Ketika Risma dihinia melalui media sosial, lanjut Satria, tak seharusnya dia berlindung dibalik UU ITE, agar si pelaku ditangkap dan diproses secara hukum. Alasannya, Risma adalah pejabat publik, yang mau tak mau, kinerjanya dan kehidupan pribadinya akan menjadi konsumsi publik. Tak seharusnya dia menyuruh stafnya mendaftarkan aduan ke pihak kepolisian.
“Dasar hukumnya ada di kontruksi hukum delik aduan pasca dicabut apakah tidak diproses kembali atau tidak itu di Pasal 75 KUHP. Asal waktu sebelum tiga bulan saat pelaporan, delik aduan dapat dicabut oleh pelapor. Itu kan yang dilakukan oleh Risma. Belum tiga bulan pelaporan,” sambung dia.

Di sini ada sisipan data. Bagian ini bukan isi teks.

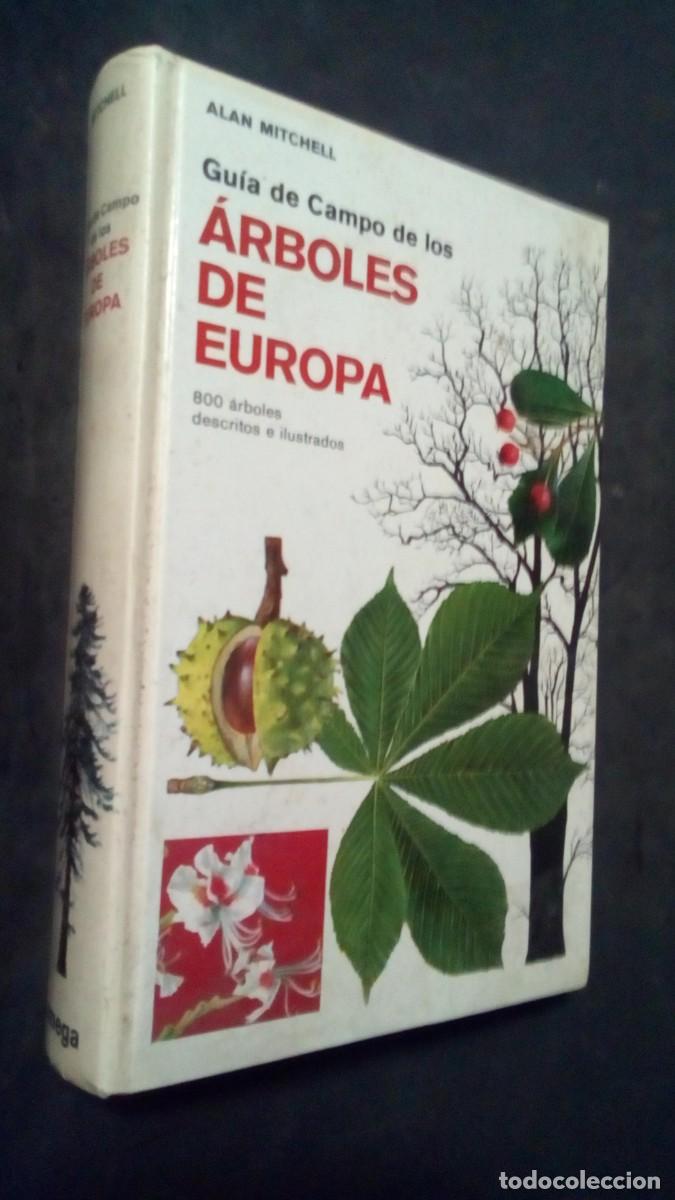 Libros de segunda mano: GUIA DE CAMPO DE LOS &Aacute;RBOLES DE EUROPA. ALAN MICHEL (OMEGA)-COMO NUEVO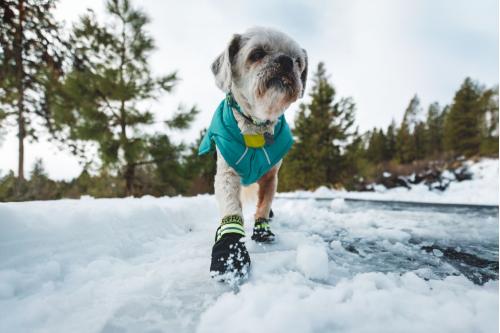 calcetines para perros Bark'n Boot Liners™ Ruffwear ideales para usar con botas zapatos. mejor ajuste y protección. Con perro 3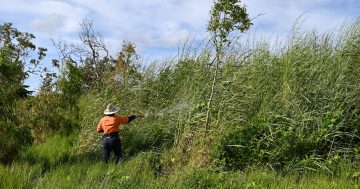 $8.9 million boost for Cape York environment protection
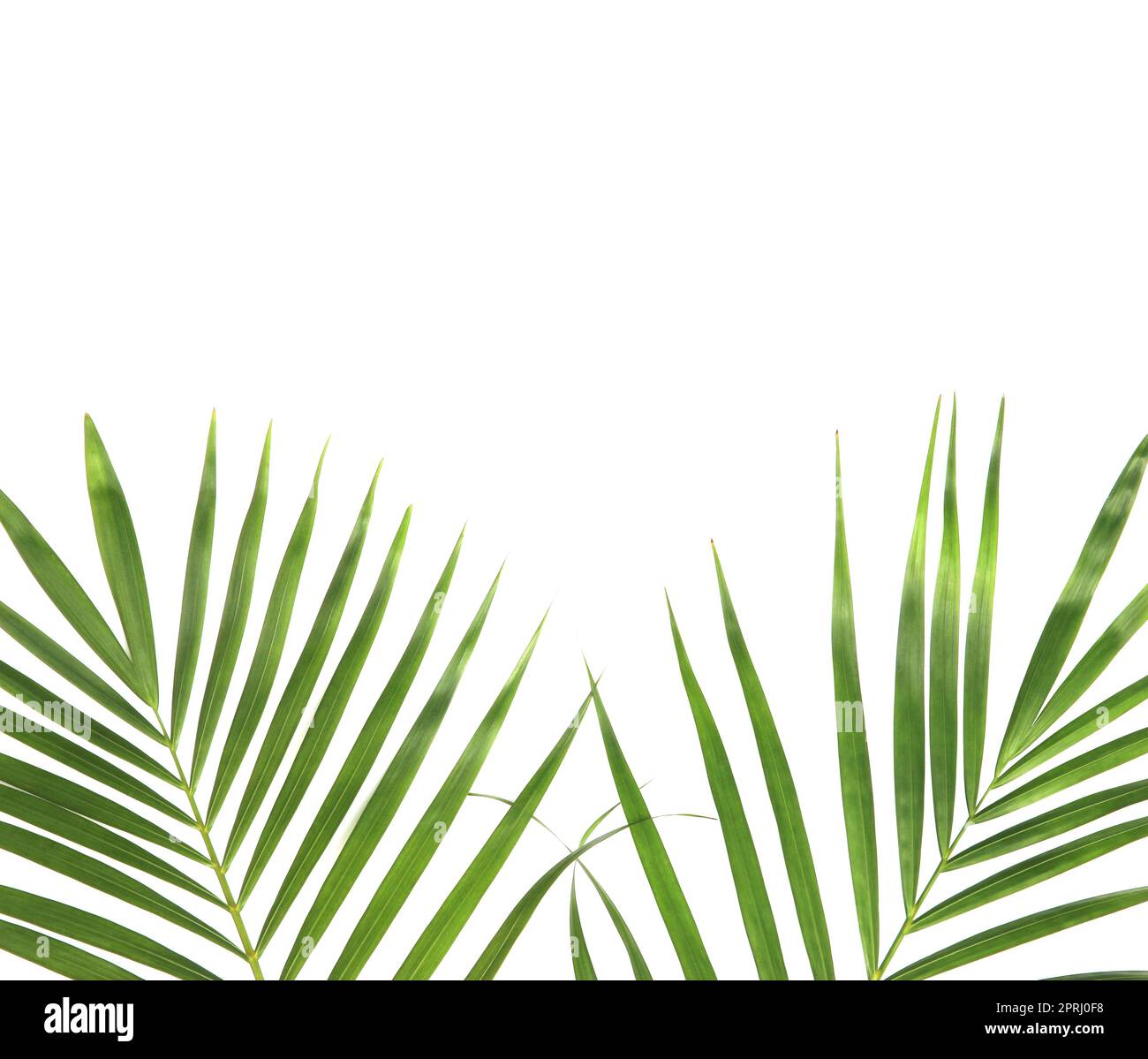natura tropicale foglie di palma verde isolato su sfondo bianco motivo Foto Stock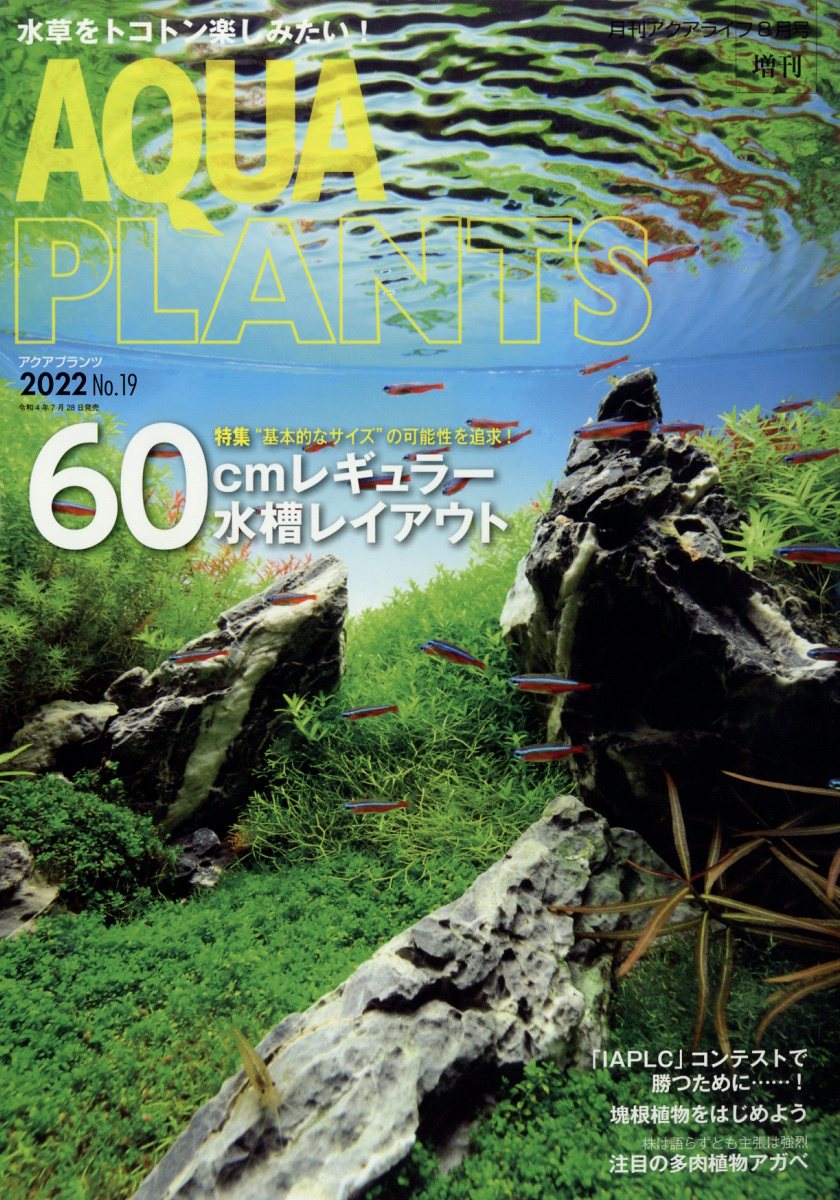 楽天ブックス: AQUA PLANTS (アクアプランツ) No.19 2022年 8月号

Satria mengatakan, meskipun upaya pencabutan delik aduan bisa dilakukan oleh Risma dan juga merupakan hak miliknya. Namun hal tersebut semakin membuat publik, khususnya warga Surabaya ketakutan untuk mengkritik pejabat negara. Padahal, kritik, hingga hinaan adalah dampak jika menjadi pejabat publik.
Apabila Pemkot Surabaya menginginkan tidak akan terjadi hal serupa di kemudian hari, Satria menyarankan, Pemkot Surabaya membuat budaya keterbukaan informasi dan keterbukaan dialog antara masyarakat dengan Risma maupun pejabat lainnya. Sehingga masyarakat bisa menyampaikan uneg-uneg di depan pejabat tersebut secara langsung.
“Dialog publik wajib dilakukan oleh Pemkot Surabaya agar tidak terjadi pro-kontra masalah serupa dikemudian hari. Jujur saja kita lihat, masyarakat itu lebih suka melempar kritik di medsos (media sosial) ketimbang melaporkan kritik mereka ke 121 atau call centre Surabaya. Karena di medsos dampaknya lebih luas,” terang Satria.